I AM STILL ALIVE 6.12.2020

I AM STILL ALIVE 6.12.2020

ONE SELF PORTRAIT EVERY DAY in 2020 : 341

Today, as you might know, I am in great pain and I am aware that men in general and me specifically have a low tolerance for pain. Years ago, Katarina had her wisdom teeth taken out, it was quite a serious case and they asked her if she would like to have general anaesthesia and she said that local would be fine and she just went to her appointment, got them removed and that was that. If I end up having them removed and they offer me general anaesthesia, I will definitely take it and I will most probably moan a lot and feel sorry for myself for weeks. 

So at 21:51 I call 111 and go through quite a long automated screening service and I eventually speak to someone who asks me many questions and decides (quite correctly) that my case is not a life threatening emergency but quite urgent and that a dental nurse will give me a call within the hour. At 22:24 a dental nurse calls me and after a few questions tells me that I will receive a call from an emergency dentist the following morning (today) and that it could be at any time from 9:20 onwards and I need to be by the phone as they will only call once and if I don’t answer, I will loose my chance. Today, at 14:59 I phone 111 again and go through the same process and receive a call from the dental nurse at 15:41 and I am told that I am still on for a call from the emergency dentists who are in Isleworth and they are open until 19:30 so to wait until then and call 111 again if they don’t. So am feeling confident they will get in touch with me today. 

The reason I am sharing these details is because it reminds me of the film ‘Caro Diaro’ where in one part of the film you follow Nanni Moretti’s journey trying to get treatment for Hodgkin’s Lymphoma.

By the way, I almost spoke to Nanni Moretti twice: once it was in my cousin’s bookshop, Fahrenheit 451 in Campo de’ Fiori, I was browsing and I hear his voice talking to someone (I don’t recognise faces but I do voices), the conversation sounded like from one of his films, I wanted to say something but didn’t know what to say and didn’t want to interrupt his private conversation.

I saw Caro Diaro the year it came out so it must have been 1993 and I remember being disappointed and it’s definitely not a film I would want to see again. But it is also a film that I keep on thinking about and referring to, it’s like although I didn’t get entertained by the film or find enjoyment from it, its message has slowly, over the years, been absorbed.

Now I will try and summarise this film from memory (bearing in mind the one and only time I watched it was 27 years ago.

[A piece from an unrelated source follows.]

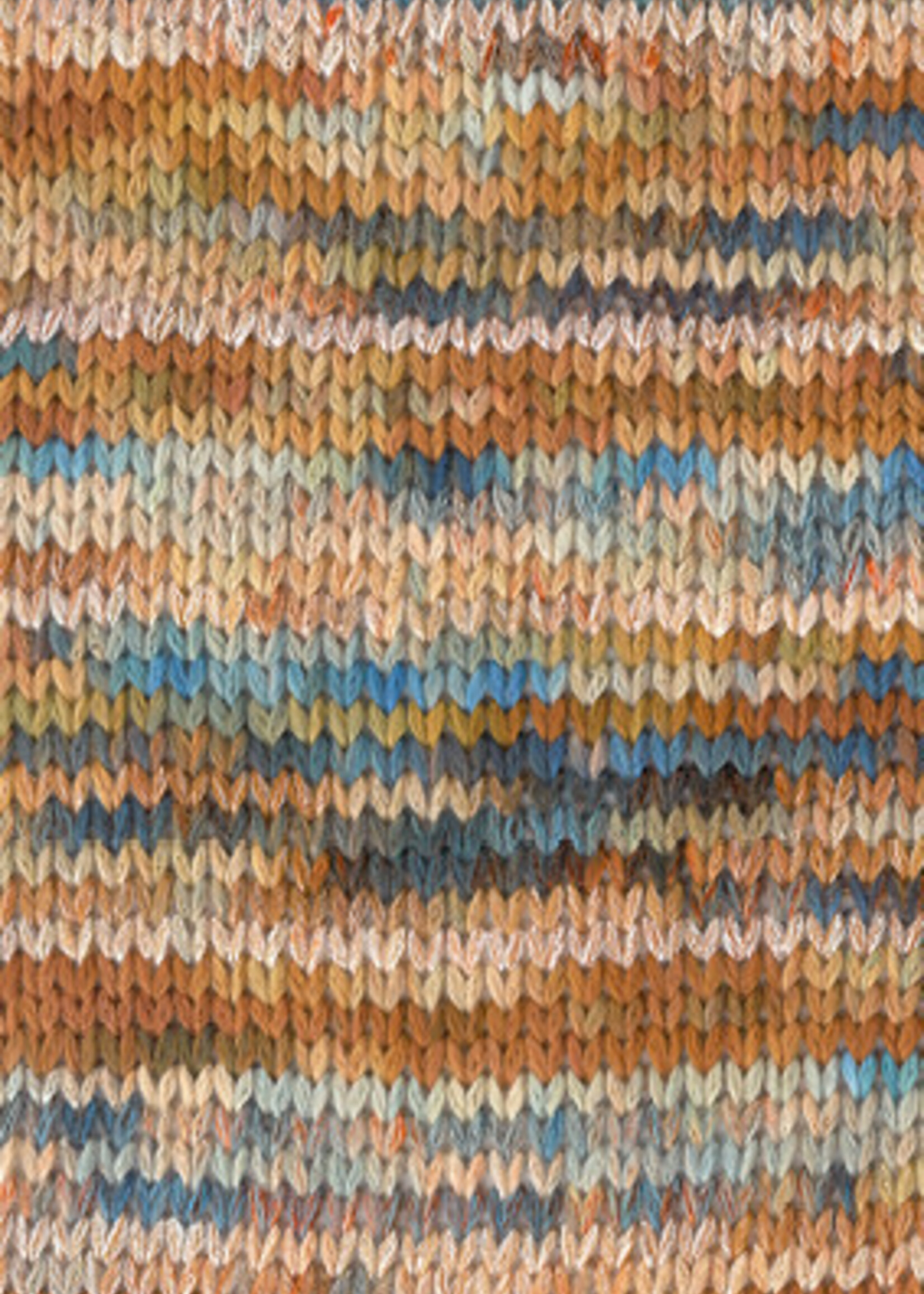 Lana Grossa Cotonella Multi -114 Oker/beige/lichtblauw/jeans/licht-/donkergrijs stootslag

The film is divided in three parts. In the first part we follow Nanni Moretti riding his vespa through the streets of Rome and I think it’s this image that made this film so successful around the world. In the second we follow him visiting various Aeolian islands and in the third we following him going from specialist to specialist trying to find out more about his medical condition.

I vaguely remember one or two funny and interesting moments but overall I can’t remember it having any plot or being interesting in any way. I also remember it being personally frustrating as when travelling through the outskirts of Rome, he gets closer and closer to the area I lived (Mostacciano) but doesn’t and he seems to visit all the Aeolian islands except Filicudi which is the one I had visited.

The film is about searching for something and as far as I can remember, not finding satisfaction or something with worthwhile meaning. I suppose it is about accepting the meaninglessness (is this a word?) of life (and death) and finding beauty and meaning in it’s lack of meaning. Sometimes I think that I AM STILL ALIVE similarly finds meaning out of the meaninglessness of my life. 

The second time I almost spoke to Nanni Moretti was in a art cinema in Trastevere, he was ‘curating” a series of short films and he gave an introduction to the evening. After the event, people went up to talk to him but I didn’t have the nerve.